Exercise brief:
In the records below, find the line containing "Haare werden von" and return it together with every later line, exactly as written; pictures are to be omitted.

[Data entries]

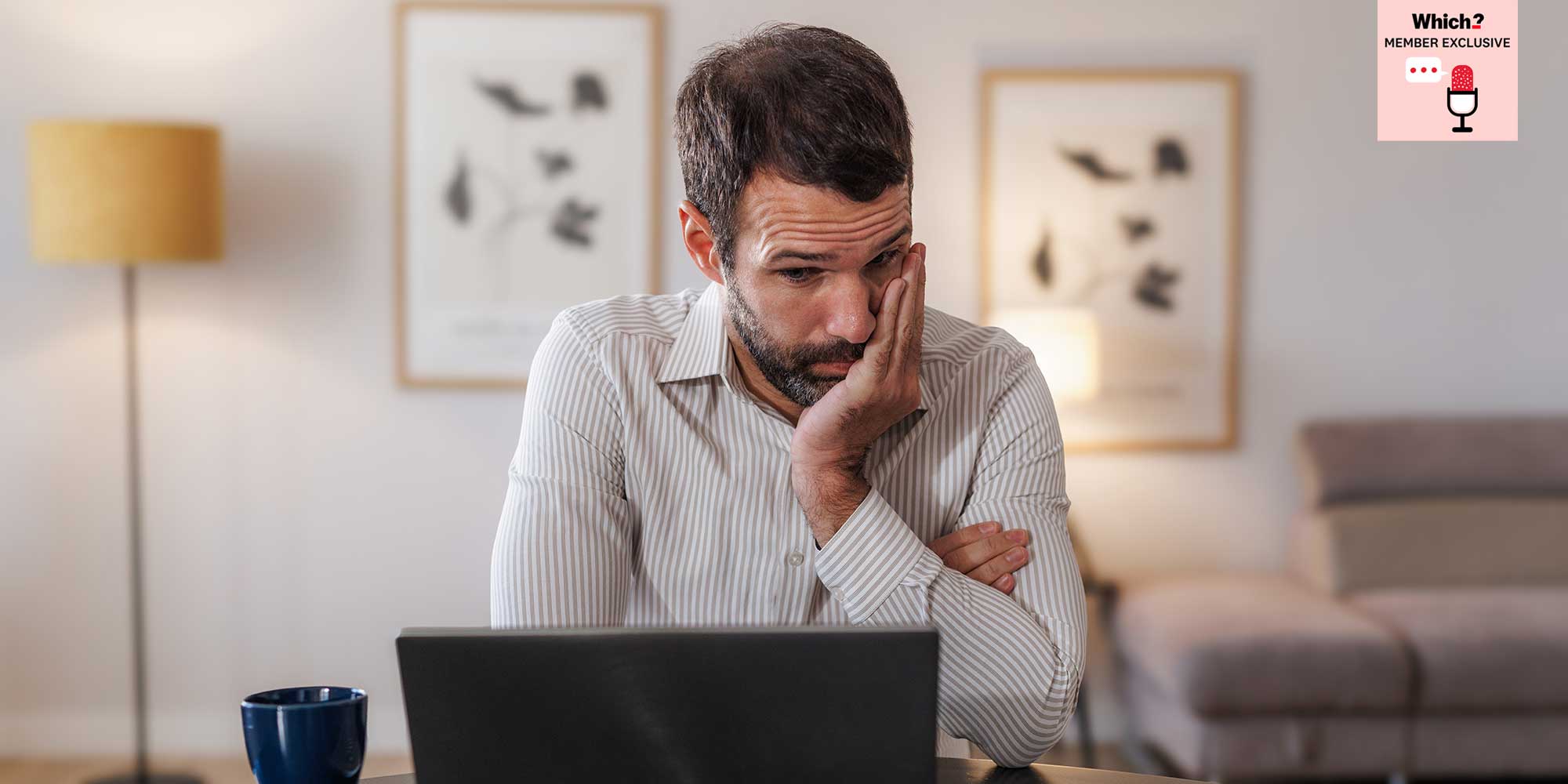 A man looking frustrated at his laptop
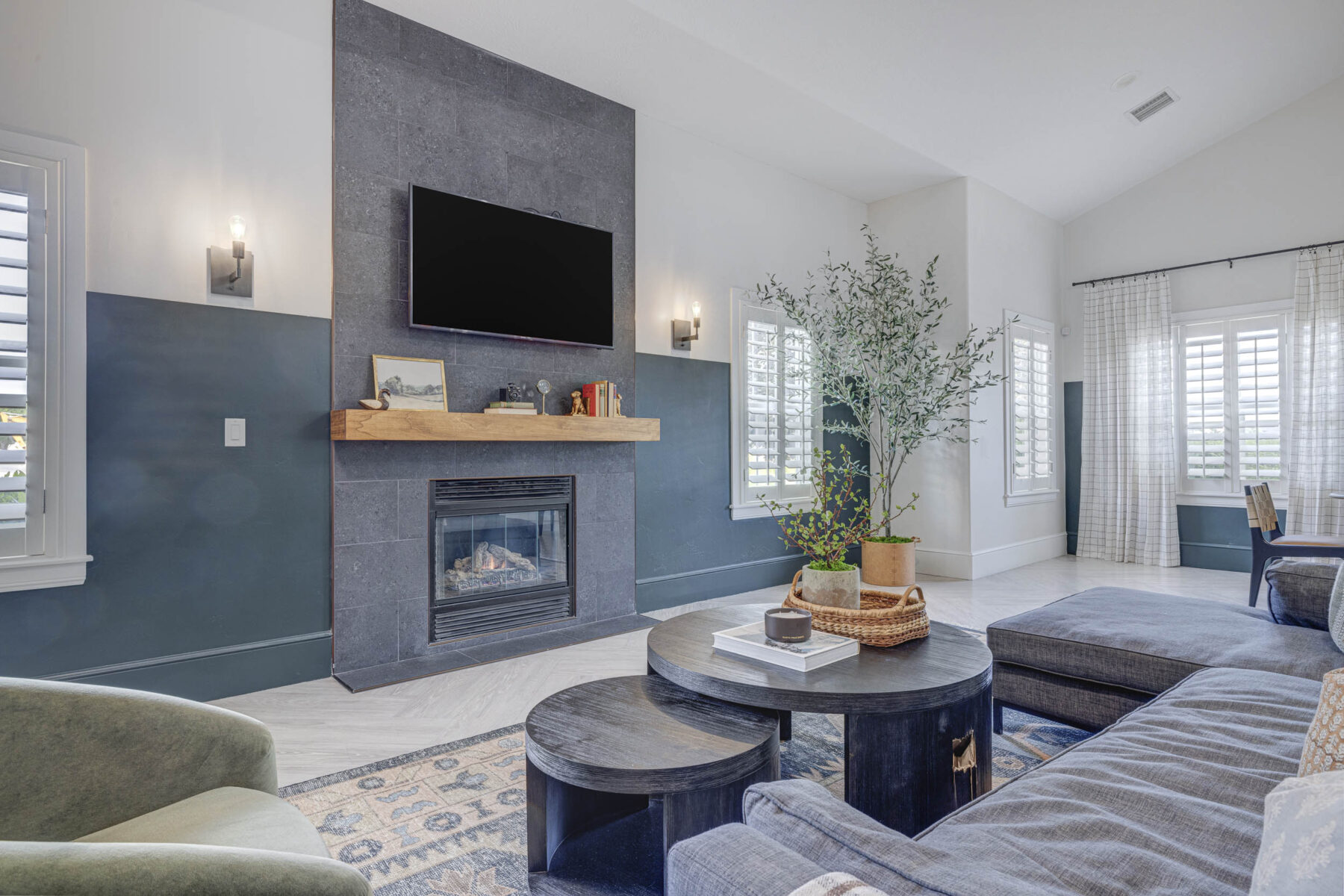 living room area with couches and TV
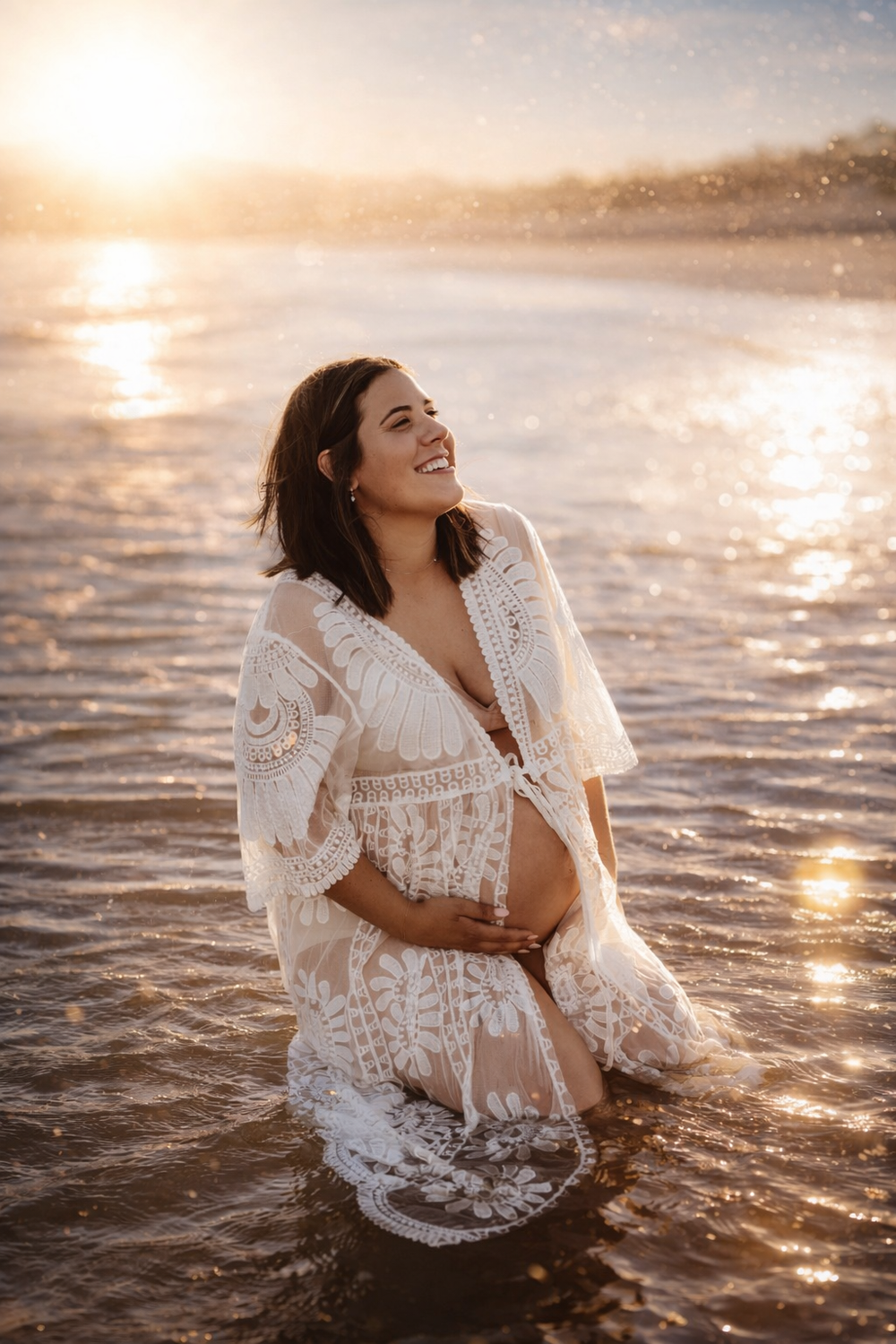 Woman in white lace dress laughing in ocean water during golden sunset.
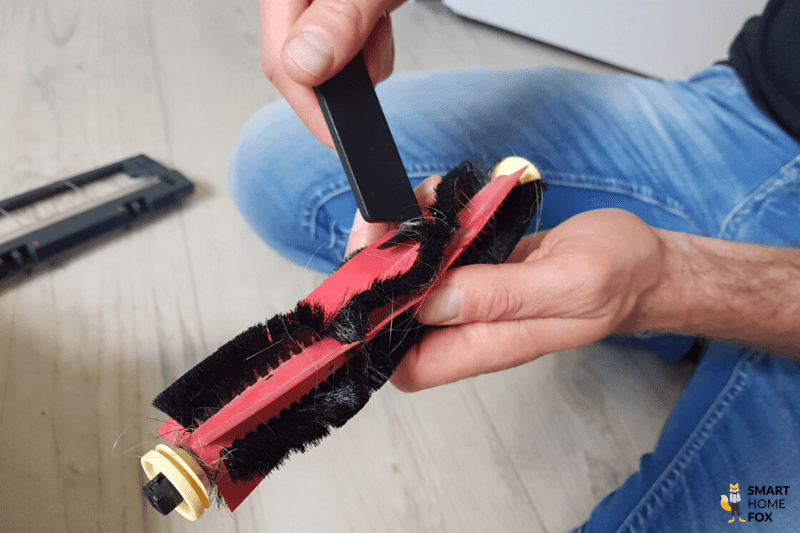Haare werden von der Hauptbürste des Staubsauger-Roboters entfernt.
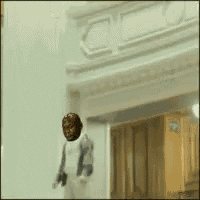 a man wearing a red mask is walking in front of a door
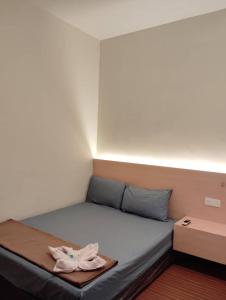 a bed with a towel on top of it at B & B 31 Kota Kinabalu in Kota Kinabalu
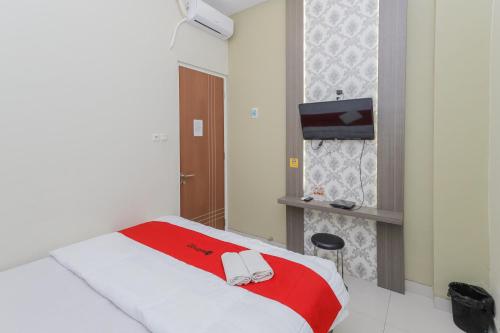 a bedroom with a bed with a red blanket and a tv at RedDoorz at Ngaggel Jaya Surabaya in Surabaya
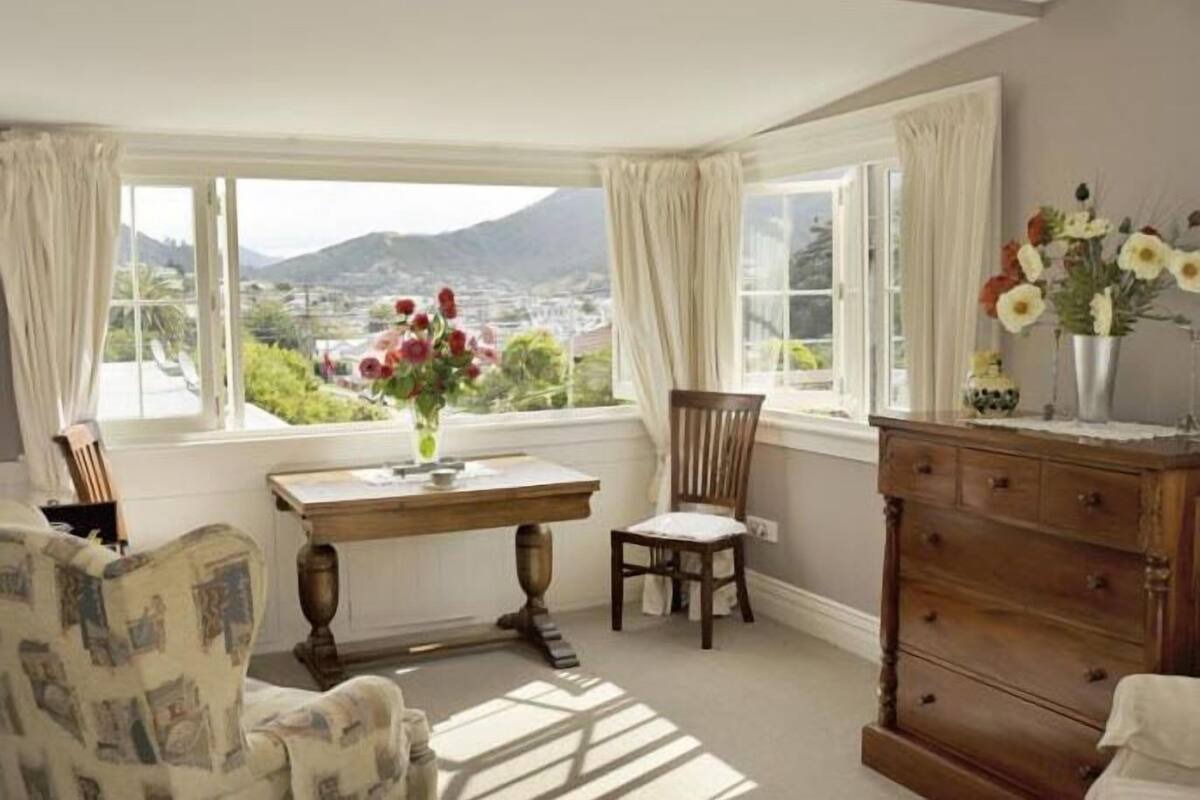 A room with a large window, a wooden desk, a chair, and a dresser.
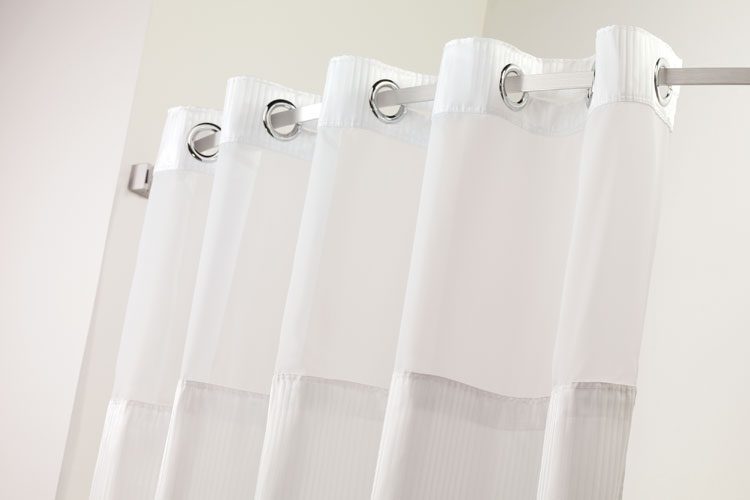 A detail shot of a Dobby Stripe Hookless Chrome Sheer Window shower curtains for hotels.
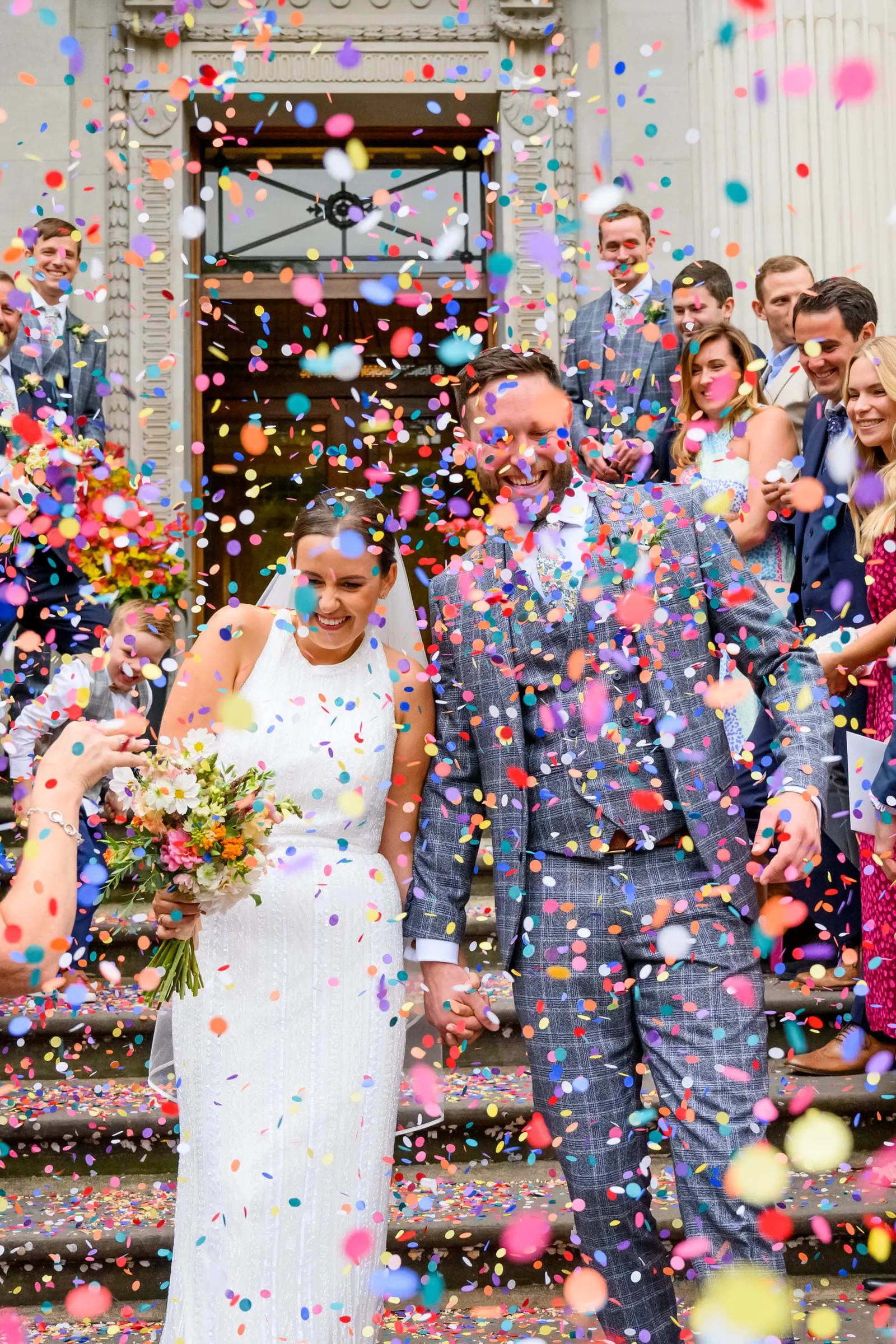 Bride and groom laughing whilst confetti is thrown at them outside town hall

Result:
Haare werden von der Hauptbürste des Staubsauger-Roboters entfernt.
 a man wearing a red mask is walking in front of a door
 a bed with a towel on top of it at B & B 31 Kota Kinabalu in Kota Kinabalu
 a bedroom with a bed with a red blanket and a tv at RedDoorz at Ngaggel Jaya Surabaya in Surabaya
 A room with a large window, a wooden desk, a chair, and a dresser.
 A detail shot of a Dobby Stripe Hookless Chrome Sheer Window shower curtains for hotels.
 Bride and groom laughing whilst confetti is thrown at them outside town hall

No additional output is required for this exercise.